List stories are one of the most heavily criticized forms of journalism. According to detractors, list stories show a lack of thought, and are simply a lazy way to produce an article. However, I believe that, with a little planning, list stories can be as legitimate a form as any other. They simply have different considerations from most types of journalism.
Not that the criticisms aren’t justified. The structure and logic of list stories are different from the typical story. Instead of offering an obvious path of development of the central idea, list stories are constantly starting over again.
It’s also perfectly true that list stories often feel easier to write than an in-depth story that builds on a single point. Instead, list stories rarely have room to go beyond the general. As a writer, you just start to get into the discussion when it’s time to move on to the next item in the list. Rightly or wrongly, this can feel much less demanding than sticking to one topic throughout the article.
Still, I like list stories – maybe because one of my strengths or weaknesses as a writer is that I’m always tempted to make lists. Instead of squeezing the lists into conventional paragraphs, sometimes it just seems easier to give in and acknowledge the point by putting list items into a bullet list or using sub-headings.
If nothing else, a story divided by bullet lists or sub-headings looks more approachable online. Its blocks of text look smaller because they are divided. There are fewer formidably long paragraphs, and readers have more natural places to pause and return to the article later. Particularly on-line, you have more chance of being read if you organize your thoughts in a list than a conventional story.

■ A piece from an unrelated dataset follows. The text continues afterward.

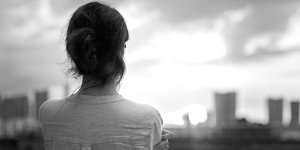 Comment ne plus voir peur de la solitude ? - Marie Claire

Besides, list stories are a good place to use random thoughts and observations that are too short to make stories in themselves. All you have to do is generate some related points to go along with them – which is easier than it sounds, because often one point suggests another.
Developing the story
The trick of writing a successful list story is the same as with any article. You need to find what William Goldman calls “the spine of the story:” The central, unifying idea that justifies talking about all the points in the same story. Without the spine, a list story is just as bad as critics contend that it always is. With the spine, a list story can be as meaningful as any other piece. State the central idea in the introduction, and you’re well on the way.
Then there’s the question of the points themselves. For the article to work, all the points in the story need to be as strong as possible. Since you don’t have much space for each point, any that are vague or obviously padding are going to stand out.

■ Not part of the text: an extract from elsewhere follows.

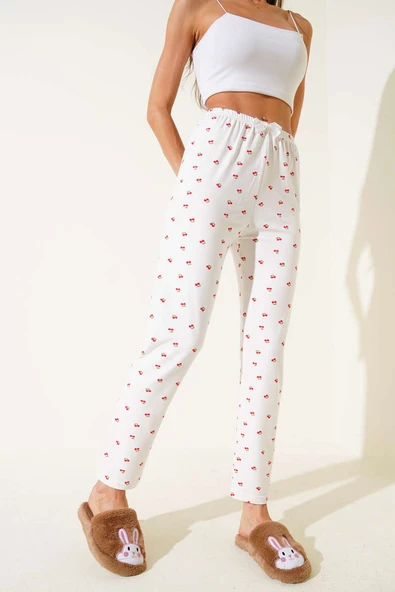 Desenli Pijama Kiraz Çiçegi ürün görseli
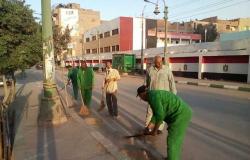 محافظ المنيا يشدد على رؤساء الوحدات المحلية بتكثيف حملات النظافة بالشوارع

At the same time, for some reason — call it the unspoken numerology of popular culture – some numbers of list items seem to be more widely read than others, such as 7, 9, 11, or 12. Any fewer than seven items looks more like a teaser than a story, while some numbers, such as 6 or 8, simply look wrong somehow.
But, in reaching one of the magical numbers, you need to be careful to avoid padding. Instead, you need to think more deeply, or perhaps see if any of the existing list items is complex enough to be divided into more than one section. If so, as a bonus you have at least two items than can follow one another, the second maybe referring back to the first and thereby increasing the unity of the entire article.
Pay attention, too, to the order of the list items. I always think in terms of what I call “relay order,” based on the order of runners in a team race in track and field. Typically in a four-runner relay race, coaches would have the second fastest runner begin, followed by the third and the fourth and ending with the first. By approximating this order, you start off strongly and end strongest of all. The middle might sag a little, so you want to mix the stronger points with the weakest so that there isn’t a downward descent in interest.
By the time readers reach the end, the original statement of the unifying theme may have grown vague with the details, especially with a longer article. For this reason, a list item needs to end like any other story, with a re-emphasis of what you want readers to take away. Nor does it hurt to explain why what readers have just read is interesting or worthwhile.
More than a list
Done thoughtfully, a list item is more than a collection of random thoughts. It may look simple and unassuming, but, behind the scenes, a conscientious writer needs to have a good idea of what the points add up to, and be ready to experiment with the order of items as they write. Often, you’re only know the most effective order after you write.
But that’s another part of what makes list items so suitable for online articles. Text editors and word processors are all about rearranging blocks of text – and, with list stories, you’ll have plenty of opportunities and needs for rearranging before you’re done.